# questions on stable etc



## StaticPhilly (May 17, 2010)

hello all,

ok, heres my situation, im after a desktop system thats lightweight, so i was thinking, linux or freebsd...

now the things i like on freebsd
Base installation, gos without any problems, easy to understand
wireless, card automaticlly gets picked up (makes my life easyer) and it has nice wpa support unlike archlinux (which was my other choice)
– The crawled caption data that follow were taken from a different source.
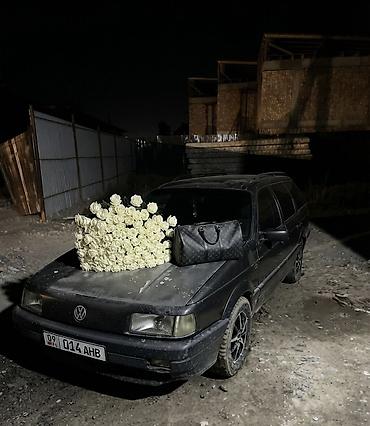 pass: Volkswagen Passat Variant: 1988 г., 1.8 л, Механика, Бензин, Универсал — 8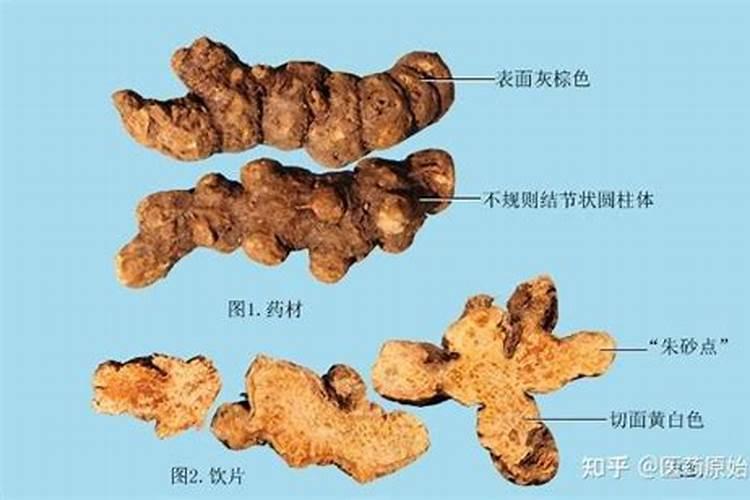 猕猴桃的需肥特点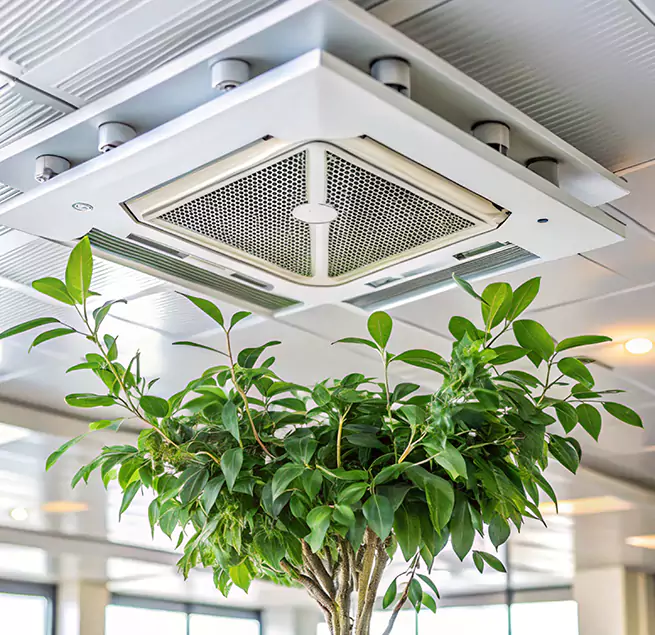 Why Homeowners & Businesses Trust Us in Isla Vista, CA?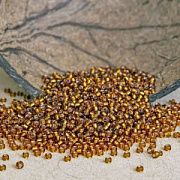 Бисер японский MIYUKI Round Rocailles 11/0 RR-2422 (уп 5 г)
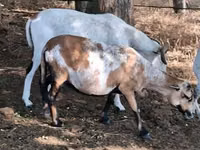 Kondoo jike, Cameroon sheep — picha 5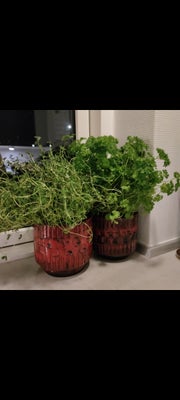 Urtepotter, West Germany, I flot julerød / vinrød glasur. Perfekt til sæsonens julestjerne.
Sælges s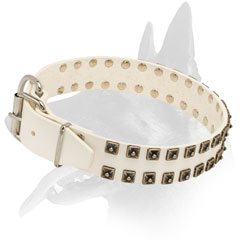 White Leather Collar for Belgian Malinois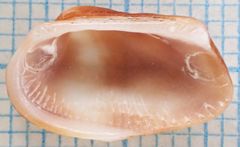 Barbatia domingensis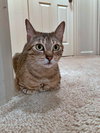 PUMPKIN & WILLOW - Adult sisters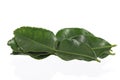 Green leaf, Bergamot leaf isolated on white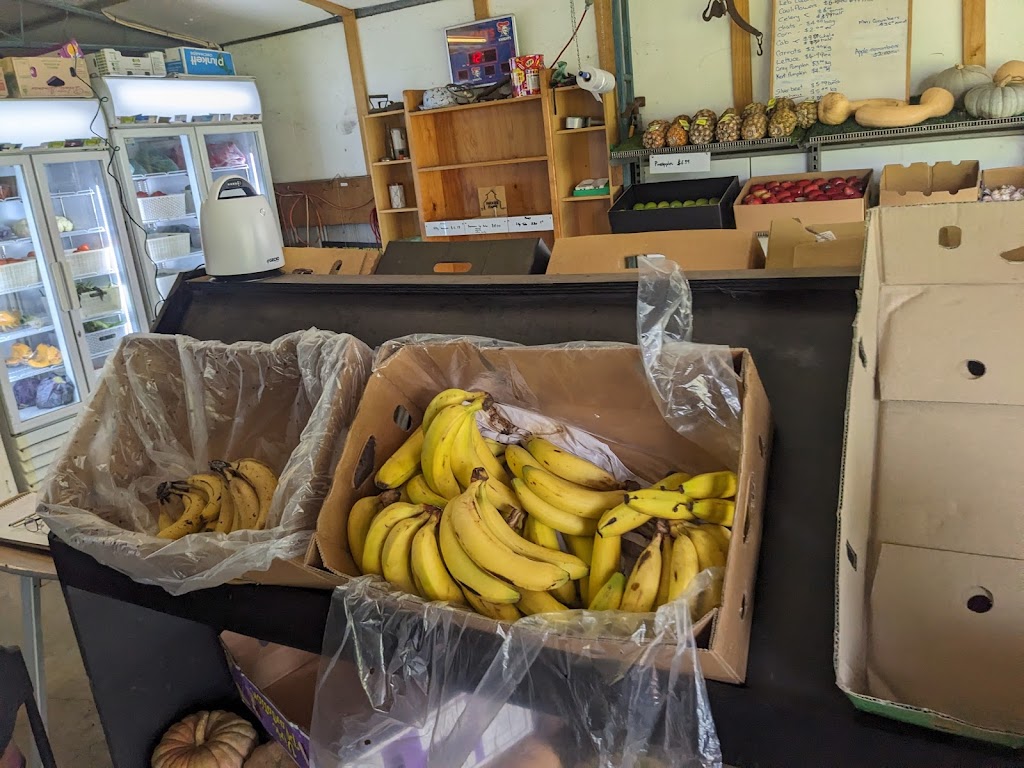Stinkys Fruit and Veg Shop | 50 Aberdeen St, Muswellbrook NSW 2333, Australia | Phone: 0457 506 905
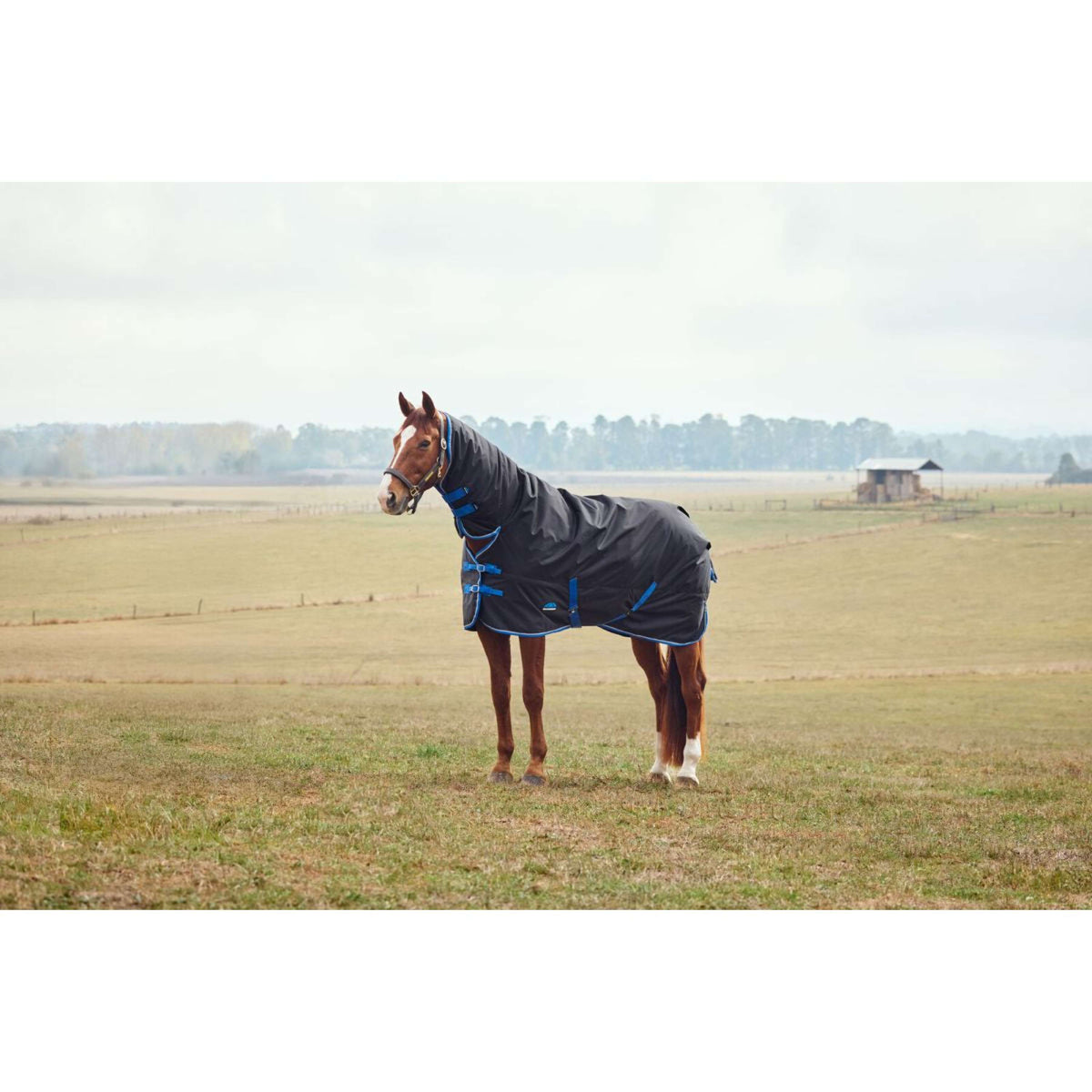 WeatherBeeta ComFiTec Tyro Turnout Combo Neck 220g Noir/Cobalt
now my main problem is, when i install freebsd its 8.0-release
now things like firefox cant be installed via pkg_add because they dont exist on for 'release' however after doing some digging i found they do exist in the 8-stable dir's

after doing some reading on 'stable' the only way to upgrade release to stable is to download all the source and compile it myself then have to keep it up-to-date myself.
This sounds like a nightmare and time consuming.

Now for my questions 
is my understanding on upgrading to stable correct?
if it is, is it possible to use the stable binarys via pkg_add from stable on release?
if its not, can you explain the upgrade from release to stable to me?

cheers,
Phil


----------



## SirDice (May 17, 2010)

Ports have nothing to do with -RELEASE or -STABLE. There is only one ports tree for all versions of FreeBSD.


----------



## DutchDaemon (May 17, 2010)

And on a -RELEASE you can use packages for -STABLE (see the PACKAGESITE env variable in pkg_add(1)). You _may_ run into the occasional package that depends on a change between -RELEASE and -STABLE, but I believe it's rare.


----------